The French philosophes made a cult out of all things English, from Newton (whose science was taught to Voltaire by his lover, the Marquise du Châtelet), Locke, the school of psychology founded by Hartley, and the threefold division of powers as envisioned by Montesquieu. So it is not surprising that D’alembert and Diderot’s Encyclopedie is full of Anglophilia, even in the farther corners. For instance, in the entry entitled Trottoir, or sidewalk (which may have been added when the Encyclopedie was re-edited in 1825), we read this: “The city of London has been the one that most commodiously instituted the use of sidewalks. It owes this advantage to the almost entire reconstruction of the old part of the city that was consumed in the great fire of 1666. All the streets were retraced on a vast plan, all aligned and cut at right angles.”
This of course is a fantasy, a fanta-fact, but it floated before these dreamers who longed to be the Great Fire themselves, purging the old and crooked from the City.
In the meantime, in 1787, the administration of Paris, which was at that time headed up by Baron de Breteuil (the unfortunate who was named prime minister of France by Louis XVI a week before the storming of the Bastille), sent a letter discussing a new street template. In 1783, the administration of Paris had ruled that all streets should be 30 feet wide; but this created dissatisfaction. In new proposal before the city administration was to make all new streets 36 feet wide, with 6 feet on either side being reserved for sidewalks. That would make the vehicular area 24 feet wide. At no point in the discussion that is reproduced in L’etat de Paris en 1789 is there a discussion of what these widths referred to: the width of the standard carriage? The width of two people standing side by side on the sidewalk? This is probably related to the fact that standardization came in after the 18th century, with the rise of factories – at which point the street scheme of centuries was already in place.
The effect of these obscure discussions are with us today. I can walk down Rue Charlot, which is next to our apartment, and see exactly what the Baron de Breteuil was talking about – streets with a with of 36 feet, with two sidewalks taking up twelve of those feet. Of course, the new street provision was amended, ignored, or forgotten in the next hundred years. In all the industrialized countries, the advent of the automobile brought a new and more dangerous element into the mix of pedestrians and riders. But at no point, to my knowledge, did this lead to experiments about what would be the safest mix – how much for instance per lane would lead to minimizing accidents? How about standardizing exits and pass-throughs? And what size is optimum for pedestrian traffic flow on sidewalks?

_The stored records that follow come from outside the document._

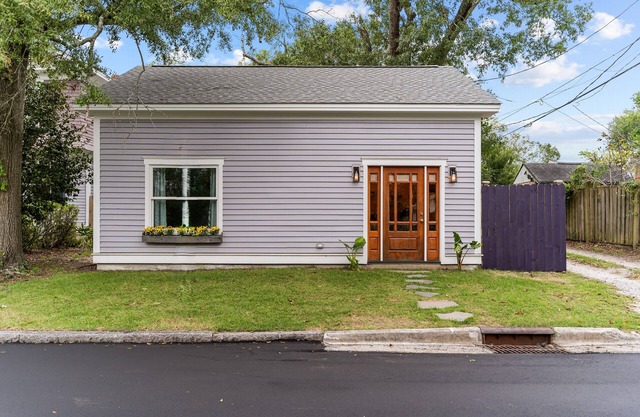 Golden Girls Cottage in Historic Mansion District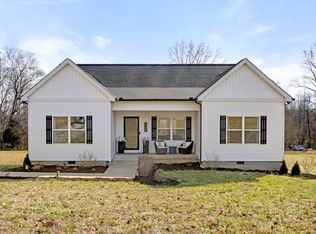 1007 Edgewood Dr, Dickson, TN 37055
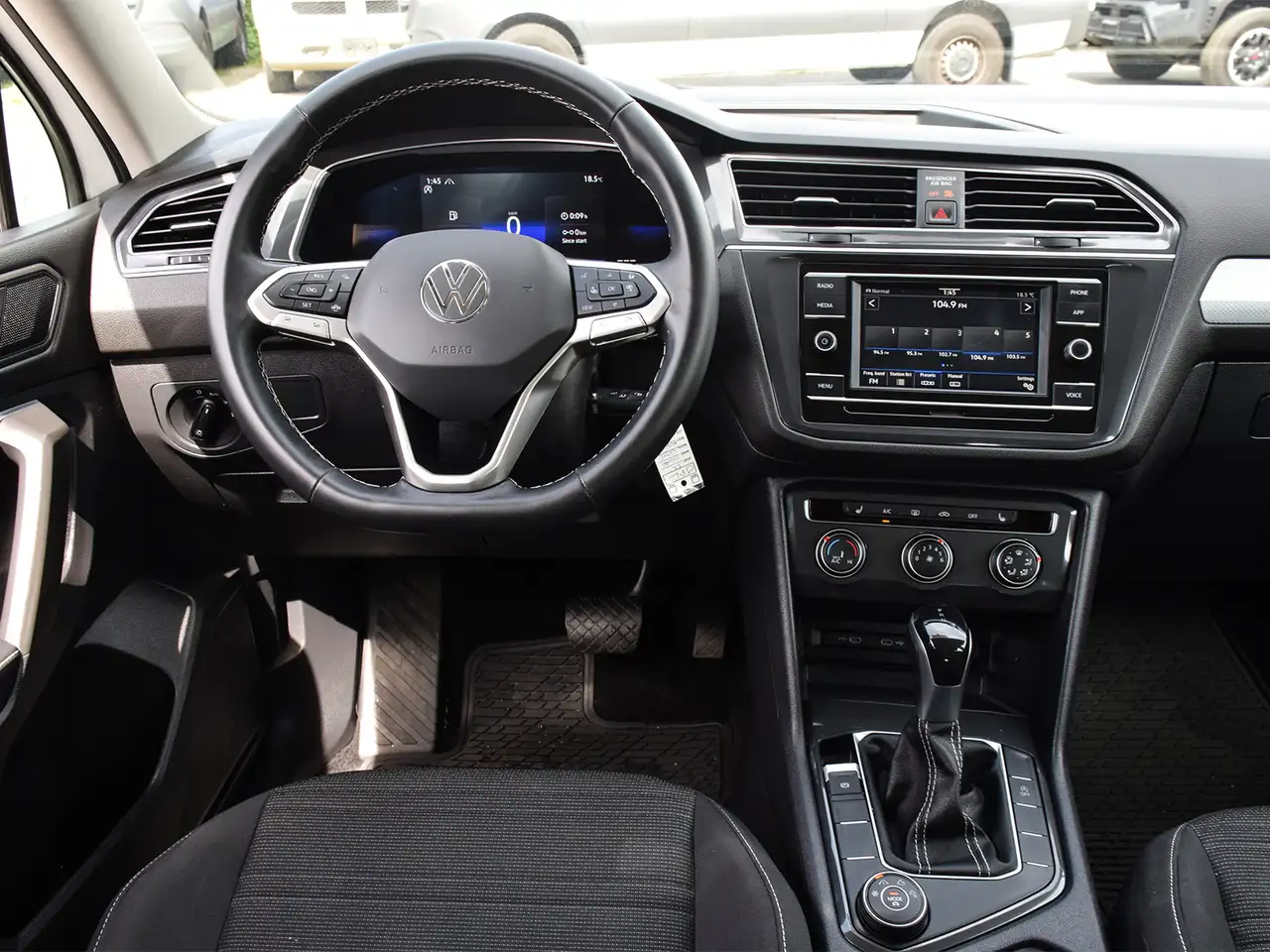 Volkswagen Tiguan снимка Volkswagen Tiguan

In Paris, at least, sidewalks are plentiful (much more so than in Los Angeles, for instance), but they are crowded, bumpy, and imperfectly protected from intrusion by motorcyclists and others. The sidewalks are a part of contemporary life that is sort of hidden – while any Paris mook will know about Haussman, that famous cityscape arranger, it is the rarer urbanite who knows about the father of the Parisian sidewalk, le Comte de Chabrol, who was appointed by Napoleon as the administrator of Paris and began wracking up the “dallage” – pouring sidewalks – as part of his remit. George Sand, latter, accused him of corruption for favoring rock from Volvic – quarried, that is, from his own home territory. Pierre Estienne, in a history of Volvic, sums it up as follows:
Thus we understand the program of Chabrol-Volvic, prefect of the Seine from 1812 to 1830, for discovering other outputs for the stone – in this case, a Parisian clientel: it needed his influence, his power, to impose a stone which had neither the robustness nor the clear and war colors of Paris’s subsoil limestone. “it would have been more economic to pave paris with five france lengths of stone than bringing in the Volvic volcanic stone,” notes a skeptical contemporary. What to make of this sad stone which possesses a darkness that accentuates with age, which decays quickly with use, and should not form paving, much less sidewalks? Chabrol required a rare stubbornness in order to have his friends and most likely associates, the Brosson who were in Pont-du-Chateu, bring in the Volvic stone, cut it, deposit it on ships in the Allier that was almost unnavigable, and finally to have it carried on the canal de Briare up to Paris, and with the price of the rejects that one can only imagine, fill orders. In fact, up to 1830, F. Brusson had obtained the monopoly for supplying lava stone for the sidewalks of the capital, thanks to Chabrol’s protectrion; he even had a permanent sales office on the banks of the Saint-Martin canal.”
A city, as Balzac knew, is not just branded with corruption – corruption often literally drives the creation of the street and the sidewalk. Which in turn has unexpected consequences for the pace of the city, and its politics. I’m going to get to that topic next, I hope.